*Work item*
In the entries below, go to the line containing "Leaves pattern, hand drawn, blue (2868B)" and repeat it along with every later line, exactly.

(Data entries)

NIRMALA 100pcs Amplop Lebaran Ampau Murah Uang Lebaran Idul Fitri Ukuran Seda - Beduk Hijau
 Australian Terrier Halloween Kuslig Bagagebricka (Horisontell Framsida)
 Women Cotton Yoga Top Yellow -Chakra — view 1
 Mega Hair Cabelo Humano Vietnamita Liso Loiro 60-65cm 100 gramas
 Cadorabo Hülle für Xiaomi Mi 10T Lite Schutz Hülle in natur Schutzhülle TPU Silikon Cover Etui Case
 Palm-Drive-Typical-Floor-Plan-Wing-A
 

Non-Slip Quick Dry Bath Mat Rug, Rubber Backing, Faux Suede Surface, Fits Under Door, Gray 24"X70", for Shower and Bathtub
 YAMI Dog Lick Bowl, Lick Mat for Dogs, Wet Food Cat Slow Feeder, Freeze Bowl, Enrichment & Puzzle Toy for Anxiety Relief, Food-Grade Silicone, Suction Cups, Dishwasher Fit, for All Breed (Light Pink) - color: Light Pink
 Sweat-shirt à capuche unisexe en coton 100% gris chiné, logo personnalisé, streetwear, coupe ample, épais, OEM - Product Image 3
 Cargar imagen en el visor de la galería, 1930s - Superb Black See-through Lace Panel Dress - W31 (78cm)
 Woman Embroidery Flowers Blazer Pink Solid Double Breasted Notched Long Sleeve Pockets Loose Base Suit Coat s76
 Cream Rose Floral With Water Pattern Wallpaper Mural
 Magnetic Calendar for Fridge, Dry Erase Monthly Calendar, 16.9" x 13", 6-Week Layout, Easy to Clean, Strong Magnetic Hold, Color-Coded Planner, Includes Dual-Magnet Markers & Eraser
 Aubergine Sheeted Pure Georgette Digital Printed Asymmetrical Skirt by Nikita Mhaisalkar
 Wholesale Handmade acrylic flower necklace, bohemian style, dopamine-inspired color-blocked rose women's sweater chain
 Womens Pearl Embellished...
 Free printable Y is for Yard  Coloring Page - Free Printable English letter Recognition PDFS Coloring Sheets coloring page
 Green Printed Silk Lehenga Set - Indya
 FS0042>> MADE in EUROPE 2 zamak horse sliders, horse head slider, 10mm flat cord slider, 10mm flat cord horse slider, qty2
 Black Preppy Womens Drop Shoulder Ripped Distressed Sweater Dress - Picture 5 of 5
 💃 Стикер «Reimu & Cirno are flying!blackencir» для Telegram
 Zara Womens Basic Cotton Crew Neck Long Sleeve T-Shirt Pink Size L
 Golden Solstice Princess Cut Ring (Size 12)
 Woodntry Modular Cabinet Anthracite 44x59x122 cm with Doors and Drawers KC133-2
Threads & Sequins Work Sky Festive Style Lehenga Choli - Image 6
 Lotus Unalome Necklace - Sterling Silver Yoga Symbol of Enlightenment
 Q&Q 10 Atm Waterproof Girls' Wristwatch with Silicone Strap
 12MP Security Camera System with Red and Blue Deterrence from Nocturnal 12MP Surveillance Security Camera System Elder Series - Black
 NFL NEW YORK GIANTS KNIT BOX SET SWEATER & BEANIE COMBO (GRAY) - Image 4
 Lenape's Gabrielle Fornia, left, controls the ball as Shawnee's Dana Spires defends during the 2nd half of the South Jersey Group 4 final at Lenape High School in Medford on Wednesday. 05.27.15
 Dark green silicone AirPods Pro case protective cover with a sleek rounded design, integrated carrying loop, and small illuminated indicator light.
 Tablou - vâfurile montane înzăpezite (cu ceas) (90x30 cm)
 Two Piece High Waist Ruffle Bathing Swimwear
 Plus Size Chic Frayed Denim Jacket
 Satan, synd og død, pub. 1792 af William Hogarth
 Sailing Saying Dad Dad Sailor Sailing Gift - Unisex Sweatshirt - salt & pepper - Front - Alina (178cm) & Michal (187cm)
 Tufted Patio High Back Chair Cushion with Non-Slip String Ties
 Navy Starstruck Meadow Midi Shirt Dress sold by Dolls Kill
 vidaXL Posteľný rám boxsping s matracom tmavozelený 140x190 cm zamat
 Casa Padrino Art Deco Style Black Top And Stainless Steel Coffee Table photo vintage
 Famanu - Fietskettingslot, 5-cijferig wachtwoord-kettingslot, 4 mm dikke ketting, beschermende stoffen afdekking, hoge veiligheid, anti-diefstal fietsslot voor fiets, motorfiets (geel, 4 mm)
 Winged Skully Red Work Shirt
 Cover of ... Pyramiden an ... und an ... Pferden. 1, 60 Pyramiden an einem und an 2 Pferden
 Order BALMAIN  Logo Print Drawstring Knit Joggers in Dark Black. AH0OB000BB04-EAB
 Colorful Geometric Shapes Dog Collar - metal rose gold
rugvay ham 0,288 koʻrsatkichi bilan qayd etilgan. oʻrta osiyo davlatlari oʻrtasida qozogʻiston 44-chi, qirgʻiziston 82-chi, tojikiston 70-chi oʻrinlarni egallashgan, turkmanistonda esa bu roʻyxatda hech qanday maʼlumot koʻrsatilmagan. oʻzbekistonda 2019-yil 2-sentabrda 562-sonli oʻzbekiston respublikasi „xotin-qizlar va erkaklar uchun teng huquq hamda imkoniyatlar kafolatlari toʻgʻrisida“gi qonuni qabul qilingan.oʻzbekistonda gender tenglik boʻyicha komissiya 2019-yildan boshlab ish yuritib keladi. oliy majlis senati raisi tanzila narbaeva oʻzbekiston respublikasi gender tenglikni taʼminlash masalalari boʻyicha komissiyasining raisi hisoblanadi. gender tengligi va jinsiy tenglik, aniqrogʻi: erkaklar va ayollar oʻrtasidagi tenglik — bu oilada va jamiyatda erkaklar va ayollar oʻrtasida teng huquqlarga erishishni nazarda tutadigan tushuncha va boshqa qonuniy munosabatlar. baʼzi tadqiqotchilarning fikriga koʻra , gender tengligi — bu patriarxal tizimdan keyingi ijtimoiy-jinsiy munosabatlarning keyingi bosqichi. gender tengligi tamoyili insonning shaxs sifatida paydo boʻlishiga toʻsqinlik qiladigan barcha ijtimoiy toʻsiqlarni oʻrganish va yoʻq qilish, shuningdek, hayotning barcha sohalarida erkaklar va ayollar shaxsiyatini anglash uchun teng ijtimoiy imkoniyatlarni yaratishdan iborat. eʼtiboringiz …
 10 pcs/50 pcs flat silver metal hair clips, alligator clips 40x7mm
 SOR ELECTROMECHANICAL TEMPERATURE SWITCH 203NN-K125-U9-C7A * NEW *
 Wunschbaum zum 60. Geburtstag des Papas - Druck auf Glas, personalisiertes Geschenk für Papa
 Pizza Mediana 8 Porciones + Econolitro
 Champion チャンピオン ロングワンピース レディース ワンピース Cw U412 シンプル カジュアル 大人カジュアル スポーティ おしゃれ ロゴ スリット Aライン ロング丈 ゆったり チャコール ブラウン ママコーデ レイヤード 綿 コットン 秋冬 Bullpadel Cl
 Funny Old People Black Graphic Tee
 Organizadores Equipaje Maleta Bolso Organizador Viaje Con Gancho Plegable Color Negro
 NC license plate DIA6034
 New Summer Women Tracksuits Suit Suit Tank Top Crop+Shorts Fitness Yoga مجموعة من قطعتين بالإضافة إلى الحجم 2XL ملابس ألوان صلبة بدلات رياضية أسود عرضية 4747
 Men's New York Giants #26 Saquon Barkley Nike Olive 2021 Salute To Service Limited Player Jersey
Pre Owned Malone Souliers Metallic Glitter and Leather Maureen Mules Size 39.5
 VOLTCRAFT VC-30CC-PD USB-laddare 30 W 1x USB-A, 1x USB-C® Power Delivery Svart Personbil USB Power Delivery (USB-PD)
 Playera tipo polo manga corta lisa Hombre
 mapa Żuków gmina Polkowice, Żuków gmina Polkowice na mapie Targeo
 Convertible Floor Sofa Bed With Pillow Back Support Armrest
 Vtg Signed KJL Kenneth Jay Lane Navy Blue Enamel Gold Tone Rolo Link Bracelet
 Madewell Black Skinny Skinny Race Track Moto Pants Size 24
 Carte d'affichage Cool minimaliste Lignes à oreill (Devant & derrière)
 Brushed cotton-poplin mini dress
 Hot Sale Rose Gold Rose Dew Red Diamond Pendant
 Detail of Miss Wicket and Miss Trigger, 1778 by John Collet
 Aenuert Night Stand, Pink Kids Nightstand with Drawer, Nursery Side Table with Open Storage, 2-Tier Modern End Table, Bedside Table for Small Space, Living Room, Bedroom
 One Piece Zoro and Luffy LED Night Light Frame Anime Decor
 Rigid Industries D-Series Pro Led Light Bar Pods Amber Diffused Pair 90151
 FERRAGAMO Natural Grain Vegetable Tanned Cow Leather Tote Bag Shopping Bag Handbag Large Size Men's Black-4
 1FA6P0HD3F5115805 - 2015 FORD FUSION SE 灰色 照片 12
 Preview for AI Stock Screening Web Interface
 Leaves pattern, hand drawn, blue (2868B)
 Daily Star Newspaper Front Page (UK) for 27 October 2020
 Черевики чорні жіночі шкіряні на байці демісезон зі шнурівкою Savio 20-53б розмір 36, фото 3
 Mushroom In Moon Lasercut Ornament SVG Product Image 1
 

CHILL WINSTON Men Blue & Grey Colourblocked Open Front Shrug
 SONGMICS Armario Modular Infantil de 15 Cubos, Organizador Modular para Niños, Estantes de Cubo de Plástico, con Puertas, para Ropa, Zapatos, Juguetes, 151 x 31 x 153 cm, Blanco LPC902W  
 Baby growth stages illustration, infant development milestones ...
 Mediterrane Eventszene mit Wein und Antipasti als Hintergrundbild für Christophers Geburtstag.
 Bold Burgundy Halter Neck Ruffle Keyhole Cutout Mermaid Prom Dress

*Reply*
 Leaves pattern, hand drawn, blue (2868B)
 Daily Star Newspaper Front Page (UK) for 27 October 2020
 Черевики чорні жіночі шкіряні на байці демісезон зі шнурівкою Savio 20-53б розмір 36, фото 3
 Mushroom In Moon Lasercut Ornament SVG Product Image 1
 

CHILL WINSTON Men Blue & Grey Colourblocked Open Front Shrug
 SONGMICS Armario Modular Infantil de 15 Cubos, Organizador Modular para Niños, Estantes de Cubo de Plástico, con Puertas, para Ropa, Zapatos, Juguetes, 151 x 31 x 153 cm, Blanco LPC902W  
 Baby growth stages illustration, infant development milestones ...
 Mediterrane Eventszene mit Wein und Antipasti als Hintergrundbild für Christophers Geburtstag.
 Bold Burgundy Halter Neck Ruffle Keyhole Cutout Mermaid Prom Dress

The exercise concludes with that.